Introduction

Heterogeneous photocatalysis is an efficient technique to destroy organic pollutants in water (Rajeshwara et al. 2008; Garcia et al. 2009). The basic process of photocatalysis consists in ejecting an electron from the valence band (VB) to the conduction band (CB) of the semi-conductor thus creating h+ hole in the valence band. This is followed by the formation of extremely reactive radicals such as OH· at the semiconductor surface or by direct oxidation of the polluting species by h+. On the other hand, electrons are trapped at surface sites which reacted with electron acceptors such as oxygen adsorbed or dissolved in water to form superoxide radical O ·−2 . TiO2 and especially anatase form, is considered as an excellent photocatalyst that can mineralize a large range of organic pollutants (Mills and Le Hunte 1997, Agrios and Pichat 2005, Lewandowski and Ollis 2004). This semi-conductor is the most studied material for such applications (Neppolian et al. 2002). Alternatively, ZnO can be considered as the second photocatalyst after TiO2, whose physical–chemical properties are comparable to those of TiO2 (Liqiang et al. 2004, Behnajady et al. 2006, Akyol and Bayramoylu 2005, Anandan et al. 2010). However, as mentioned by Liqiang et al. 2004, semiconductor photocatalysts, other than TiO2, are much less studied. Furthermore, ZnO nanoparticle is stable and easy to be prepared.

One of the limiting factors that control the photocatalysts’ efficiency is the rapid recombination of photogenerated electron–hole pairs in semi-conductor particles. Currently, many studies are realized to limit this phenomenon. Among the proposed solutions are to be found:

  • Coupling with another appropriate semi-conductor (Robert 2007, Helaili et al. 2010),

  • Chemical doping with atoms such as nitrogen (Gole et al. 2004), carbon (Sakhtivel and Kisch 2003) or thallium (Kong et al. 2010),

  • Addition of electron acceptors such as dissolved oxygen (Laisheng et al. 2003)

  • Or addition of soluble organic sacrificial agents such as methanol (Patsouras et al. 2007).

In a recent paper, we have proposed to incorporate a sacrificial agent insoluble in water with photocatalyst such as calcium oxalate (Bassaid et al. 2009). The role of oxalate ions is to react with photogenerated holes to limit their recombination with photogenerated electrons. In the current study, we show the effect of calcium oxalate on the photocalytique properties of ZnO for the removal of organic pollutants in water. Orange II is used as an organic pollutant model that will evaluate the effect of the addition of Ca(COO)2 on the photocatalytic performance of ZnO.

Experimental

Reagents

All the reagents used in this work were of analytical grade and were used in their as-received state: calcium chloride (Fluka 99 %), ammonium oxalate (Merck 99 %) and Orange II (Sigma Chemical Co.). Zinc oxide (Riedel–de haen, 99.95 % purity, particles size was 50 nm and ZnO phase is hexagonal structure: Wurtzite). The specific surface area of ZnO was determined by Brunauer, Emmett and Teller (BET) method using nitrogen gas as the adsorbent at 77 K on ASAP 2010 Micrometrics Apparatus. The specific area is 74.3 m2 g−1.

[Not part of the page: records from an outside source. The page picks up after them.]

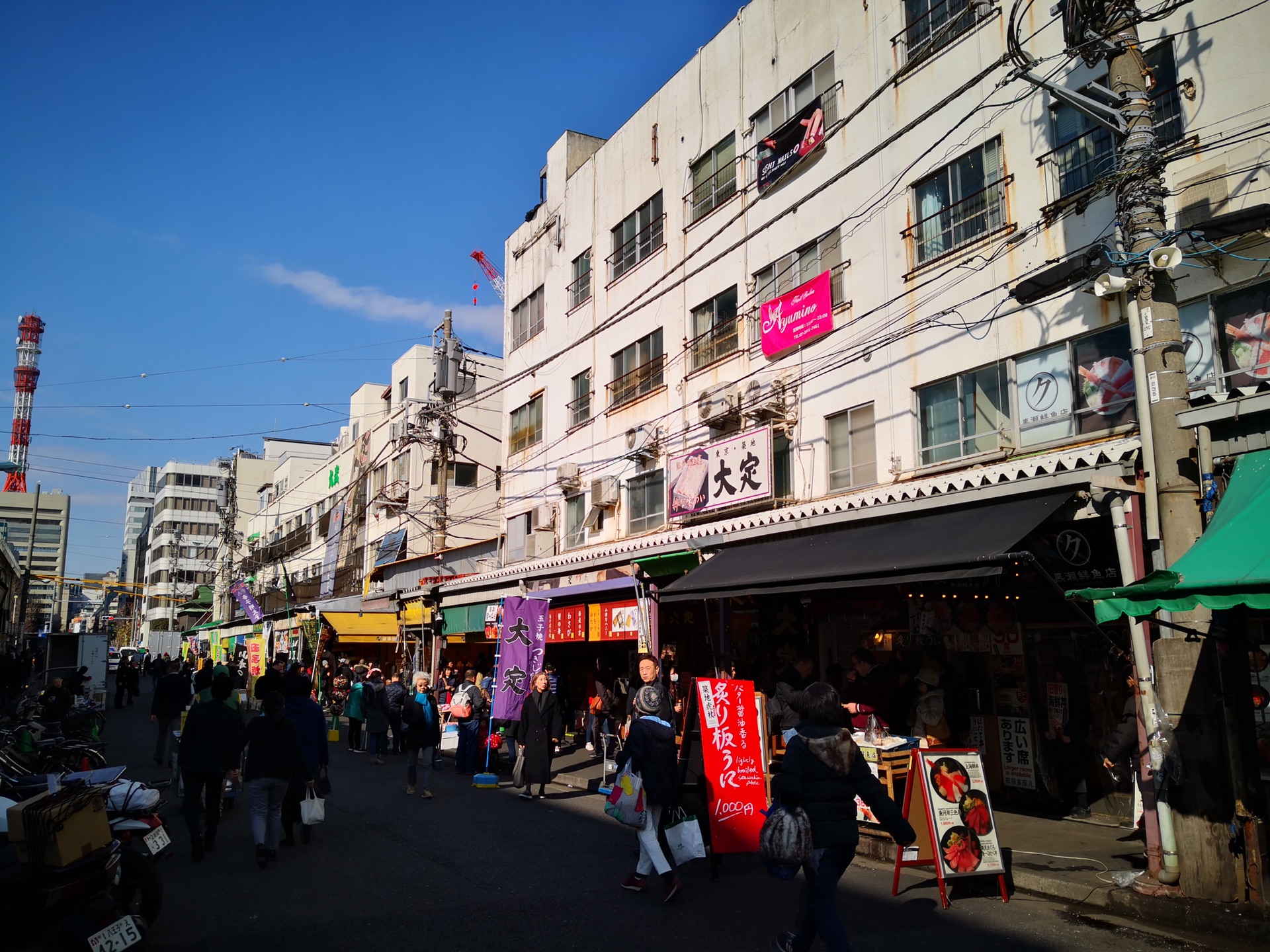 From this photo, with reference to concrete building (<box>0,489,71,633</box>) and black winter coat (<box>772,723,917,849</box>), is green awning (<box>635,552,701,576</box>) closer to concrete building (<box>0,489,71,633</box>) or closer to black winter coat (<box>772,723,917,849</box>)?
black winter coat (<box>772,723,917,849</box>)

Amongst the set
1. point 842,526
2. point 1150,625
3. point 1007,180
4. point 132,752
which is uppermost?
point 1007,180

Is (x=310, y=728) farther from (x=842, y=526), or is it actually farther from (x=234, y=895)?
(x=842, y=526)

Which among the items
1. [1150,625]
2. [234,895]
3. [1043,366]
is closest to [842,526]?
[1043,366]

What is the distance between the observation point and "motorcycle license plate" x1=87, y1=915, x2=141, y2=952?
5402mm

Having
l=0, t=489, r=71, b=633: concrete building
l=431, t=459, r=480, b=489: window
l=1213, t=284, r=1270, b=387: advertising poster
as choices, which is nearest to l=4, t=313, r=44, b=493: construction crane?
l=0, t=489, r=71, b=633: concrete building

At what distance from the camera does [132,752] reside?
723 inches

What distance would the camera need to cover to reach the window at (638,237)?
2050 centimetres

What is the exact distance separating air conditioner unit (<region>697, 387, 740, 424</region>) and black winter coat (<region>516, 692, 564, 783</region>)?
21.0 ft

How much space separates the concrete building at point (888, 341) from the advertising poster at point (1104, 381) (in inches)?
1.6

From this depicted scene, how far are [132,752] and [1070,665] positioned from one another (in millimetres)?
17780

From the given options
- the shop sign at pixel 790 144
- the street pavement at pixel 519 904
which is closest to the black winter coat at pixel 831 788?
the street pavement at pixel 519 904

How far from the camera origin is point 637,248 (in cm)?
2127

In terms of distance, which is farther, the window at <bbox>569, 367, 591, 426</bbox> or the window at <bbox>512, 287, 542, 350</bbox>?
the window at <bbox>512, 287, 542, 350</bbox>

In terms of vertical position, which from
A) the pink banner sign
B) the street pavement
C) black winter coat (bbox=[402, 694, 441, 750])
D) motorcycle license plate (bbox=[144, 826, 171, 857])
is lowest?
the street pavement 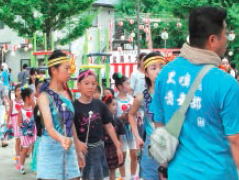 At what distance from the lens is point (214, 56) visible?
2.58m

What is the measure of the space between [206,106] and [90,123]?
2660 millimetres

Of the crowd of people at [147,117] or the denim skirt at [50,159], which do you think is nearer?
the crowd of people at [147,117]

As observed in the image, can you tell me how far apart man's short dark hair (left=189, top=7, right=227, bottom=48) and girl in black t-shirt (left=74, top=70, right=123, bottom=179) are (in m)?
2.52

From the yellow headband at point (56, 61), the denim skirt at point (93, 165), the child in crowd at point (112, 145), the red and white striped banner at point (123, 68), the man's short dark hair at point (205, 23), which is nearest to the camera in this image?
the man's short dark hair at point (205, 23)

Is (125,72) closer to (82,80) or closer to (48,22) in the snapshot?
(48,22)

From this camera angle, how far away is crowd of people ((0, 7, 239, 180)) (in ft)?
8.23

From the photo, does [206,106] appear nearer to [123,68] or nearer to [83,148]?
[83,148]

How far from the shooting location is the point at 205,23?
2.56 metres

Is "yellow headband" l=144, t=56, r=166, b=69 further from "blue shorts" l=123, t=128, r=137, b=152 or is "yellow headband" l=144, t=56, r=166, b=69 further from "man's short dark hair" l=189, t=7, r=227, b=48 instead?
"blue shorts" l=123, t=128, r=137, b=152

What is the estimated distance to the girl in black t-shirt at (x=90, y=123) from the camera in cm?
501

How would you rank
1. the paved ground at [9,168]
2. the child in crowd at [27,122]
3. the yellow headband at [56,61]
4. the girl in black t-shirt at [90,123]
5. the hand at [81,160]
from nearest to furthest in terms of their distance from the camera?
1. the yellow headband at [56,61]
2. the hand at [81,160]
3. the girl in black t-shirt at [90,123]
4. the paved ground at [9,168]
5. the child in crowd at [27,122]

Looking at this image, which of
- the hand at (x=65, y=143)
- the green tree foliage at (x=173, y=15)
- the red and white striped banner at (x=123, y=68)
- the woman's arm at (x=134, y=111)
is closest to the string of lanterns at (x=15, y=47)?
the green tree foliage at (x=173, y=15)

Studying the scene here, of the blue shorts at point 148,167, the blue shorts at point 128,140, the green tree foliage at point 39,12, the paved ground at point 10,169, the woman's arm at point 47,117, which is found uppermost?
the green tree foliage at point 39,12

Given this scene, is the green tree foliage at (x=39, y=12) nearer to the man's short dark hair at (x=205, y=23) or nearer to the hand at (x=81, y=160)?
the hand at (x=81, y=160) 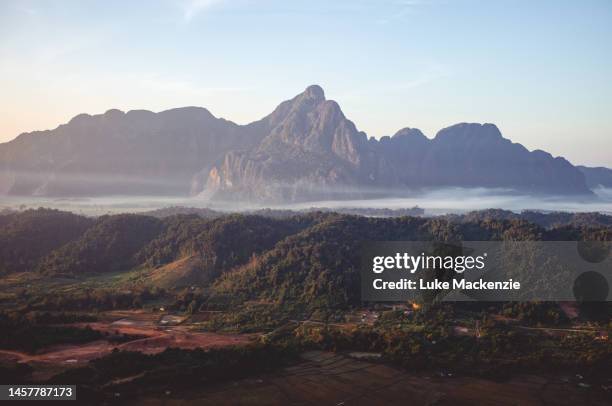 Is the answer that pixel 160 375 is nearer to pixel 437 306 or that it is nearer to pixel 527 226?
pixel 437 306

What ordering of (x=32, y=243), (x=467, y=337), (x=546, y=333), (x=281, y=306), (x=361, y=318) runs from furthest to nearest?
(x=32, y=243) < (x=281, y=306) < (x=361, y=318) < (x=546, y=333) < (x=467, y=337)

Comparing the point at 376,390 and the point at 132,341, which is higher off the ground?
the point at 132,341

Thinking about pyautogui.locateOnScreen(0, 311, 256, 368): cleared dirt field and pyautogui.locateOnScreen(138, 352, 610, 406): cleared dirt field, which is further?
pyautogui.locateOnScreen(0, 311, 256, 368): cleared dirt field

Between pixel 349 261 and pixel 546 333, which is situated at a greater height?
pixel 349 261

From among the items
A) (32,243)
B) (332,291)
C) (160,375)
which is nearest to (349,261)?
(332,291)

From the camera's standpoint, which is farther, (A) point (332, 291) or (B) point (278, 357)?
(A) point (332, 291)

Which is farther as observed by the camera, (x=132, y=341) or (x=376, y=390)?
(x=132, y=341)

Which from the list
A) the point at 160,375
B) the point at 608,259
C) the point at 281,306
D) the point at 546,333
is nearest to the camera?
the point at 160,375

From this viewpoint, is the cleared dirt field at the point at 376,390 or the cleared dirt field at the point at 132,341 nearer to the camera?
the cleared dirt field at the point at 376,390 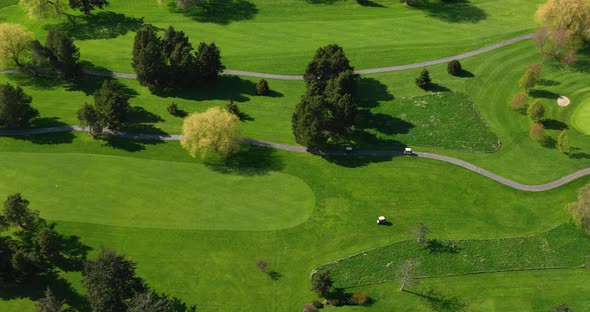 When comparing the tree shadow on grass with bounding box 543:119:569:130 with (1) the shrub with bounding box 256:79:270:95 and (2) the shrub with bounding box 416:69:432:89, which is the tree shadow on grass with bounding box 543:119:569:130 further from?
(1) the shrub with bounding box 256:79:270:95

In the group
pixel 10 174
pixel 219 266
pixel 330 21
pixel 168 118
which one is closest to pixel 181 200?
pixel 219 266

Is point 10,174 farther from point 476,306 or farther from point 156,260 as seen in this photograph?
point 476,306

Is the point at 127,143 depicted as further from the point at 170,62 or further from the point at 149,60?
the point at 170,62

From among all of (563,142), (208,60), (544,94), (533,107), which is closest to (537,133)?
(563,142)

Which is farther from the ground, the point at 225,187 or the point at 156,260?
the point at 225,187

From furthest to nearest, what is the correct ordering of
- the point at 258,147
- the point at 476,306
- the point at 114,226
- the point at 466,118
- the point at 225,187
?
the point at 466,118, the point at 258,147, the point at 225,187, the point at 114,226, the point at 476,306

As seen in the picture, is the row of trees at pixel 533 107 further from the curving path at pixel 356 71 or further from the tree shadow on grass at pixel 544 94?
the curving path at pixel 356 71
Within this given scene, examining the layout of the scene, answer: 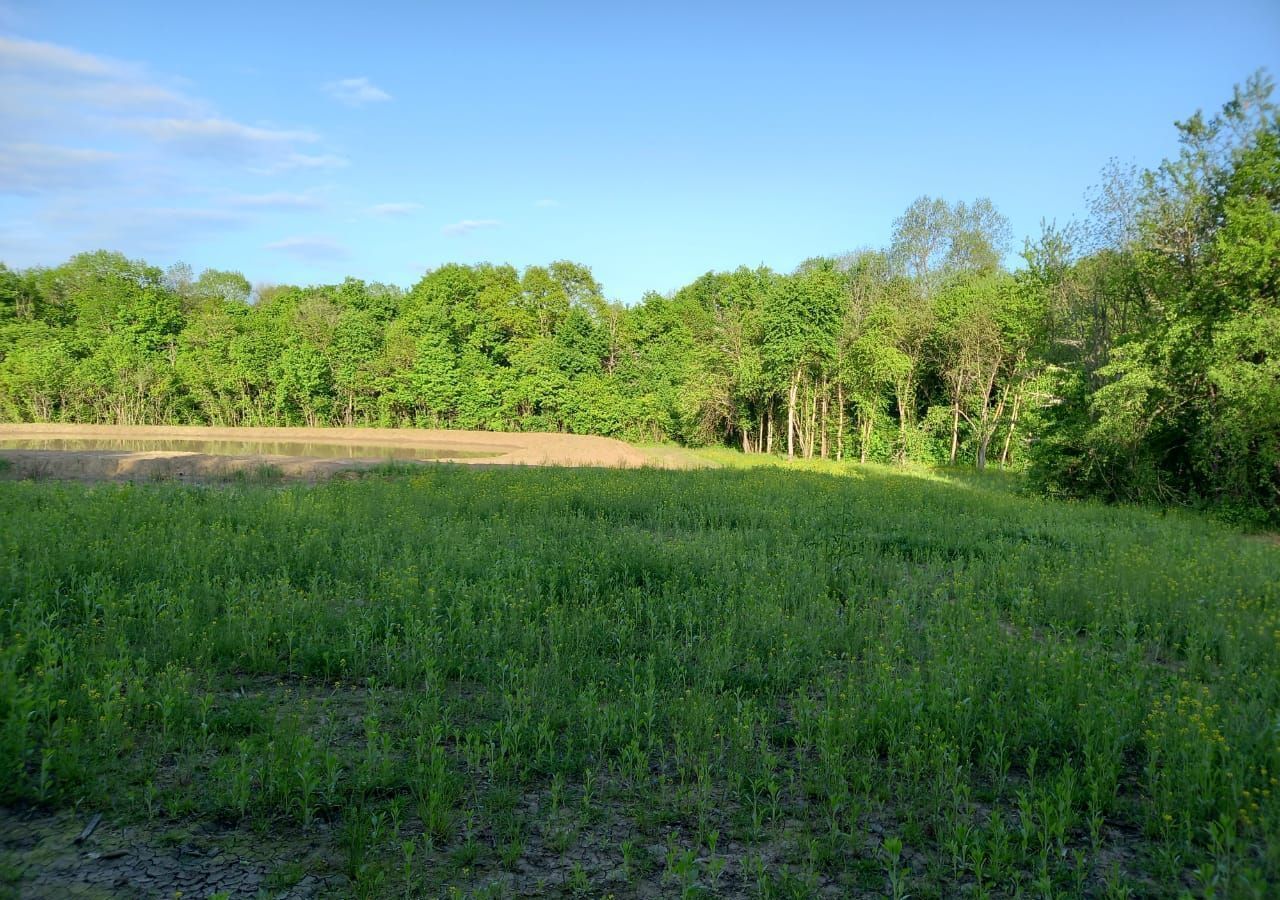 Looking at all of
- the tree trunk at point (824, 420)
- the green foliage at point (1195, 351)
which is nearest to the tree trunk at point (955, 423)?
the tree trunk at point (824, 420)

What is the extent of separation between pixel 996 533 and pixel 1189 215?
12.2 metres

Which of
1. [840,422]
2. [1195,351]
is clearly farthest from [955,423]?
[1195,351]

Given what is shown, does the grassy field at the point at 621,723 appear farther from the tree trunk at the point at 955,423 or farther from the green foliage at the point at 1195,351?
the tree trunk at the point at 955,423

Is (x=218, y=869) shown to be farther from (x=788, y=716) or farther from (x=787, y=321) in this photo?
(x=787, y=321)

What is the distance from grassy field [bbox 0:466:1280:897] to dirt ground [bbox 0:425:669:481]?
14.4 metres

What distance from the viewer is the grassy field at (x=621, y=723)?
348 cm

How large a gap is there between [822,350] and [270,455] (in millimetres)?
26204

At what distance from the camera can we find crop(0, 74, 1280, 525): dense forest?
17062 millimetres

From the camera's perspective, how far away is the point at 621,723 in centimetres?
477

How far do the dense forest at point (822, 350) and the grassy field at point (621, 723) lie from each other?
36.1ft

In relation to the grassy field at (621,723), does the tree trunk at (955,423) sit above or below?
above

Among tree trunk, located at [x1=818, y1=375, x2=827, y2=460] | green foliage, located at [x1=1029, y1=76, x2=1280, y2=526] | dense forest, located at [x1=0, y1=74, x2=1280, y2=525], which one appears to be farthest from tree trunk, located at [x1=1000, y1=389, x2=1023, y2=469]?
green foliage, located at [x1=1029, y1=76, x2=1280, y2=526]

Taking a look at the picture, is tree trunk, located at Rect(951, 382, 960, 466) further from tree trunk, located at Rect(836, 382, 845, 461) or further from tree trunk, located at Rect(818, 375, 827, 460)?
Answer: tree trunk, located at Rect(818, 375, 827, 460)

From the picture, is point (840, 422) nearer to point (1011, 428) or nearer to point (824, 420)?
point (824, 420) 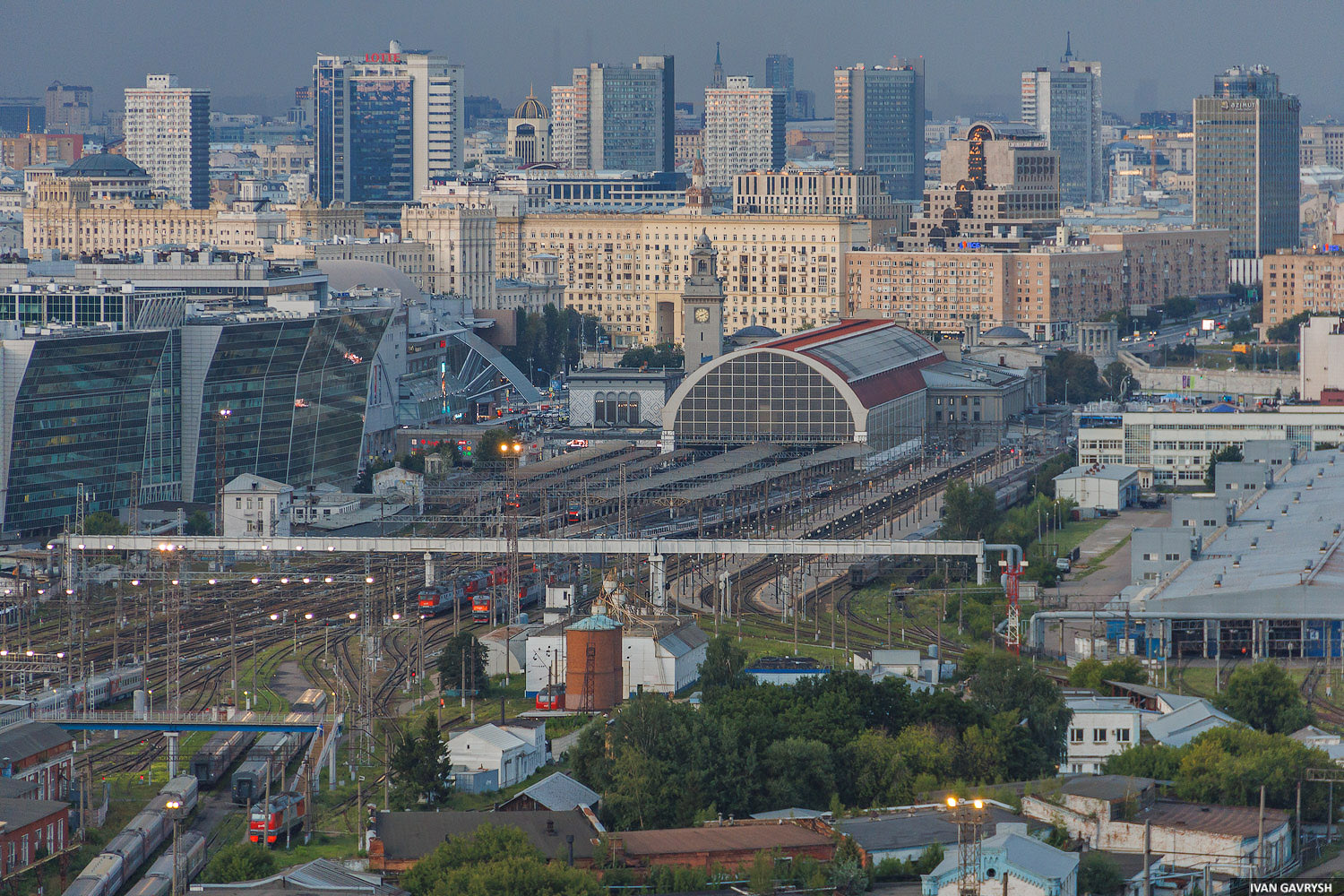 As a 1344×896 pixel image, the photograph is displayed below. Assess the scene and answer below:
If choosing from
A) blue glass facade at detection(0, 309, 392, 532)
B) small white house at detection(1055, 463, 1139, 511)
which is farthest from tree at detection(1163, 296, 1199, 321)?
blue glass facade at detection(0, 309, 392, 532)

Calcium oxalate Ca(COO)2 was prepared by mixing aqueous solution of ammonium oxalate (0.5 M) and calcium chloride (0.5 M). The precipitate of calcium oxalate obtained is filtered, washed with water and dried in air at 110 °C overnight.

Adsorption experiments

All adsorption equilibrium experiments of Orange II on the ZnO and ZnO/20 % Ca(COO)2 sample surface were carried out in batch mode under dark conditions. Studies were made using suspensions prepared by mixing a 50-ml solution of various initial concentrations of Orange II at their natural pH and ZnO concentration of 0.5 g l−1 (in distilled water). The equilibrium concentrations of Orange II in the solutions were studied after centrifugation by measuring the change in absorption intensity at this λmax (484 nm) using a PHILIPS Vis-spectrophotometer.

Irradiation experiments

Photocatalytic experiments were performed in a double-walled reactor placed on the 125 W mercury lamp (TUNGSRAM) as a light source. The operating temperature was fixed during the experiment at 25 °C by a circulation of water. Pure ZnO and ZnO with an appropriate weight of calcium oxalate (total weight = 50 mg) were dispersed through stirring in a volume of 100 ml of Orange II aqueous solution (10 mg/l) and 5 ml of aliquot was taken out at regular time intervals. The samples were noted TiO2/X%Ca(COO)2 with “X” represents the percentage of Ca(COO)2 in the composite. The value of the percentage corresponds to the percentage in weight of Ca(COO)2 in the composite. Before each irradiation, the solutions were maintained in the dark for 1 h to reach the adsorption equilibrium. For analysis, each sample containing catalyst was centrifuged prior and analyzed by Vis-spectrophotometer (PHILIPS) (λmax = 484 nm).

Results and discussion

Effect of calcium oxalate loading on the photocatalytic activity of ZnO

The effect of the partial replacement of ZnO by calcium oxalate on the disappearance kinetics of Orange II was investigated. The percentage of calcium oxalate increases from 0 to 50 % in weight for a total concentration of ZnO + calcium oxalate constant and equal to 500 mg/l. All experiments were first carried out in dark during 60 min, and then immediately irradiated by UV–Vis irradiation until complete decolorization of the compound. Figure 1 shows the effect of oxalate calcium on the photocatalytic decolorization of Orange II with ZnO under irradiation.

Fig. 1
figure 1

Effect of calcium oxalate on the photocatalytic degradation of Orange II ([OII] = 10 mg/l) in the presence of ZnO at natural pH

The photodecomposition of Orange II was subjected to photochemical degradation depending on the model of Langmuir–Hinshelwood kinetics appears to be followed satisfactorily. The photocatalytic degradation of Orange II follows a kinetic of pseudo-first order. For a low initial dye concentration, the simplest representation for the rate of photodegradation of Orange II is given by lnC t  = − kt + lnC0. This equation can be used to demonstrate the linearity of data. His integration is given by Ln(C0/C t ) = kt where k is the constant of the pseudo-first-order rate.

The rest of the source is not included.